▶ **YOUR GOAL**
Your answer must be the exact lines below, starting with the line with "NEW Life Is" and going on through the line with "Afbeelding van Apple", both included, with no pictures.

--- RECORDS TO PROCESS Enclosed Below ---

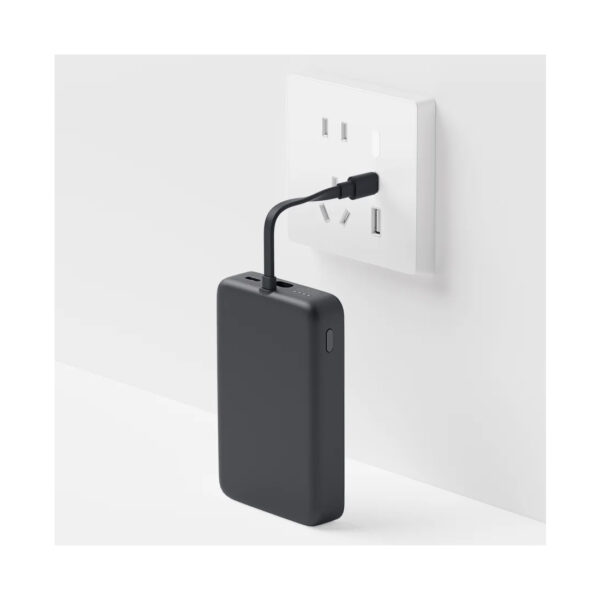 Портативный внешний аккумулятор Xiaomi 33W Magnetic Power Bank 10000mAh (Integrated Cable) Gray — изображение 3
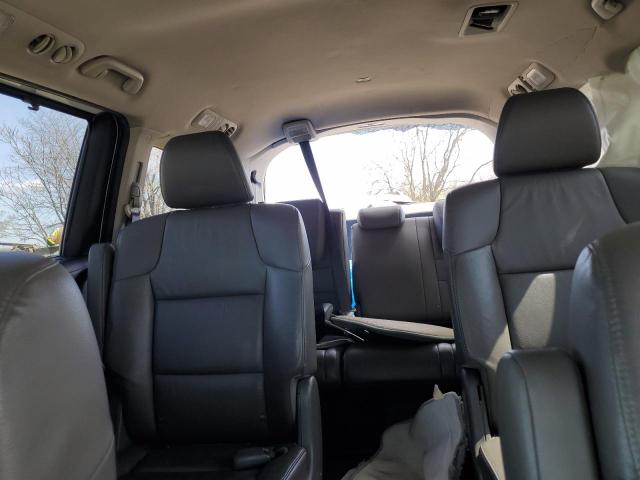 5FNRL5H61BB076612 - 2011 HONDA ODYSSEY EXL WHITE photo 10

--- End of Enclosed RECORDS TO PROCESS ---
--- RECORDS TO PROCESS Enclosed Below ---

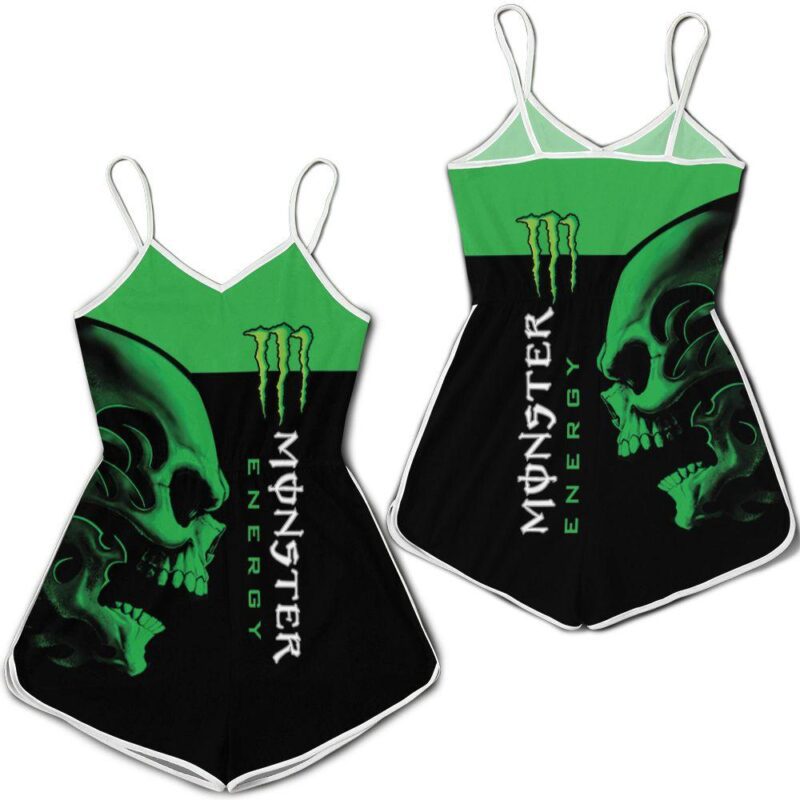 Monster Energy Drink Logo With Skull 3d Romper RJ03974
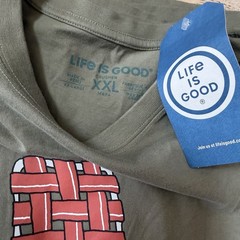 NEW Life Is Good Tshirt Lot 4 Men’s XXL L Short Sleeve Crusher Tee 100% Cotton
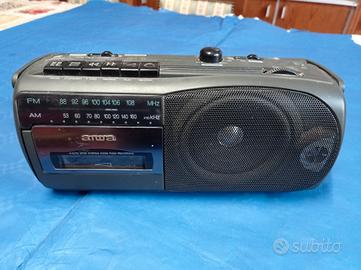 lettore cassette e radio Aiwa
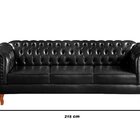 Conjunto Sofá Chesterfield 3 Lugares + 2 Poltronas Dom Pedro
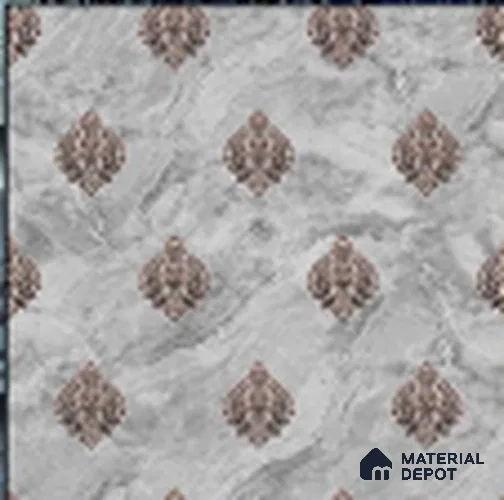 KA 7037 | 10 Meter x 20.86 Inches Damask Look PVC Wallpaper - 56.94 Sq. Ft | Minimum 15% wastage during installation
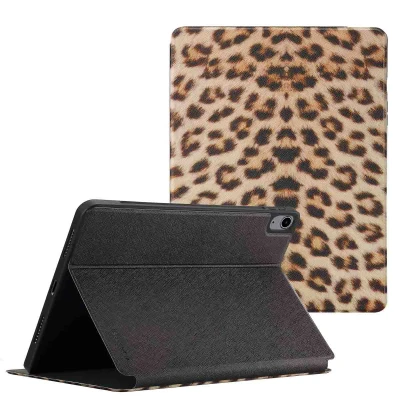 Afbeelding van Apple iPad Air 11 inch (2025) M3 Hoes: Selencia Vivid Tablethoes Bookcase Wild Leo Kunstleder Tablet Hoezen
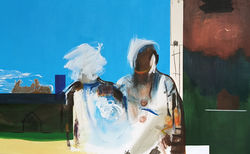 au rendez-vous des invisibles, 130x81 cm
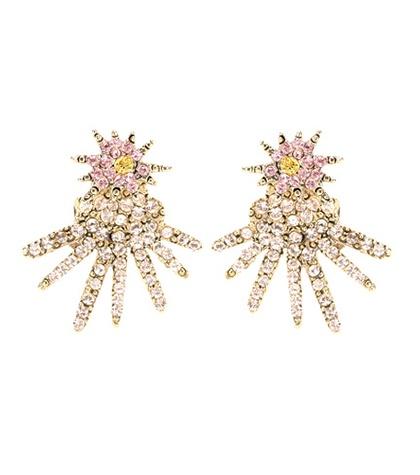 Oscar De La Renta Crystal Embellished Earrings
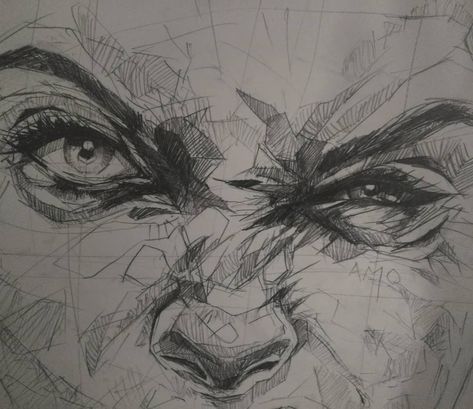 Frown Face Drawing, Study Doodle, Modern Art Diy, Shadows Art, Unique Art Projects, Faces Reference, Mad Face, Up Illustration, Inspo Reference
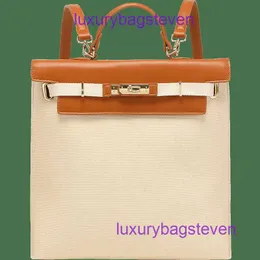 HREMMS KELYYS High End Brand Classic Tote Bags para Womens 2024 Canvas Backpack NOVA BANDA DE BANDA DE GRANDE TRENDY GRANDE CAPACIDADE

--- End of Enclosed RECORDS TO PROCESS ---
--- RECORDS TO PROCESS Enclosed Below ---

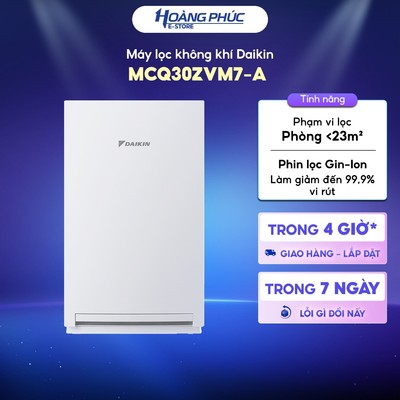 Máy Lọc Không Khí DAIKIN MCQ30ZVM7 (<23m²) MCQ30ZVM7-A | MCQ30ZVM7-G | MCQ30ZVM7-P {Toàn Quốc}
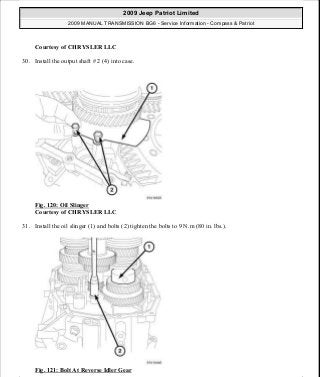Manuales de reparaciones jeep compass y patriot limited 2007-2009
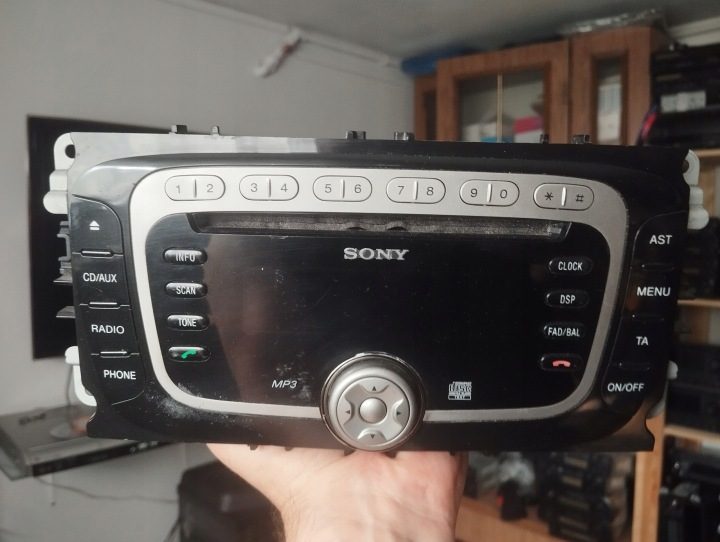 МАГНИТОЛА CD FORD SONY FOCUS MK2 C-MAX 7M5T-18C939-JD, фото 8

--- End of Enclosed RECORDS TO PROCESS ---

▶ **RESPONSE TO THIS TASK**
 NEW Life Is Good Tshirt Lot 4 Men’s XXL L Short Sleeve Crusher Tee 100% Cotton
 lettore cassette e radio Aiwa
 Conjunto Sofá Chesterfield 3 Lugares + 2 Poltronas Dom Pedro
 KA 7037 | 10 Meter x 20.86 Inches Damask Look PVC Wallpaper - 56.94 Sq. Ft | Minimum 15% wastage during installation
 Afbeelding van Apple iPad Air 11 inch (2025) M3 Hoes: Selencia Vivid Tablethoes Bookcase Wild Leo Kunstleder Tablet Hoezen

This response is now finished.